IT IS an impressive feat that the biggest retail property investor in this country, Dundrum Town Centre (DTC) owner Hammerson, has successfully navigated its way through the pandemic, the migration to online shopping and the loss of its CEO (David Atkins in June 2020) and is looking at a big boost courtesy of the Irish housing boom. Despite the underwhelming management now in place, the shopping centre giant looks set to capitalise on a significant upturn in post-pandemic footfall, which suggests that its shares are currently significantly undervalued.
The old Dundrum Shopping Centre, which was built 50 years ago and now hosts only short-term lease tenants such as Lidl, looks set to be developed into a big 880-apartment scheme in the expensive part of Co Dublin. If planning permission is secured (the application was lodged earlier this year), this development site would fetch around €300m and significantly improve Hammerson’s balance sheet, with hardly any loss of income.
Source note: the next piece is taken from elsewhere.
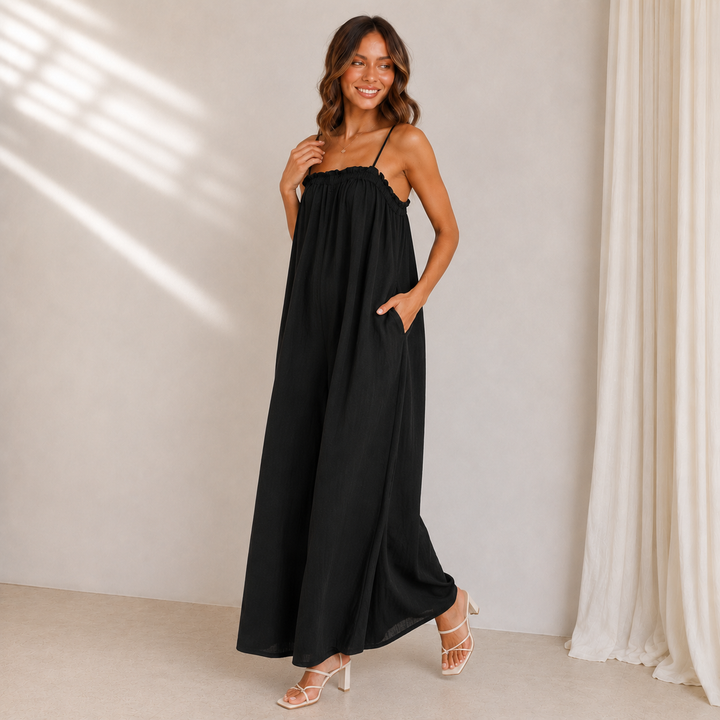 Luna | Women's Sleeveless Wide Leg Jumpsuit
Up the road, inside the existing 1.6-million sq ft DTC itself, the company has already been experimenting with a residential development called The Podium, a planned 107-apartment scheme behind the newly developed Donnybrook Fair food hall and restaurant operation, which opens on to Sandyford Road. The value could be maximised on this asset by selling these apartments off as a group to the private rental sector, with Hammerson probably looking to realise €37m.
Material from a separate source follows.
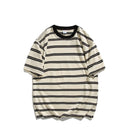 Summer Cotton Round Neck Short Sleeve Shirt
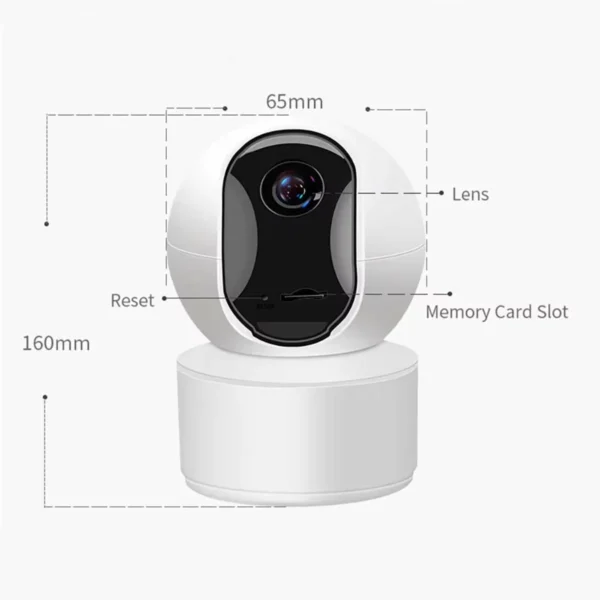 CAMARA DE SEGURIDAD WIFI DE INTERIOR 360 P2P IPC-Q611 SEISA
An issue for the group is that its chairman since September 2020, Robert Noel, hasn’t real relevant experience, given that his background is in the office property sector as CEO of the giant Land Securities Group (for eight years to 2020) and, before that, seven years as property director at Great Portland Estates – an industrial property developer.
Whatever about a chairman who is less than familiar with Hammerson’s retail property business, it is of rather more concern when this is the case with the CEO, Rita-Rose Gagné, who has been in situ since November 2020. Her background is in investment and global property, having worked for big real-estate player Ivanhoé Cambridge, but what is missing is retail property experience.
Gagné see herself as a moderniser. When criticising the modus operandi of the previous management – David Atkins (CEO) and David Tyler (chairman) – in her 2021 review, Gagné advised: “Our organisation, culture and working practices were not forward looking and our organisational review identified the need to bring in new talent to change our operating model and our culture. We are now focused on new ways of working, agility, innovation and ultimately on driving performance.”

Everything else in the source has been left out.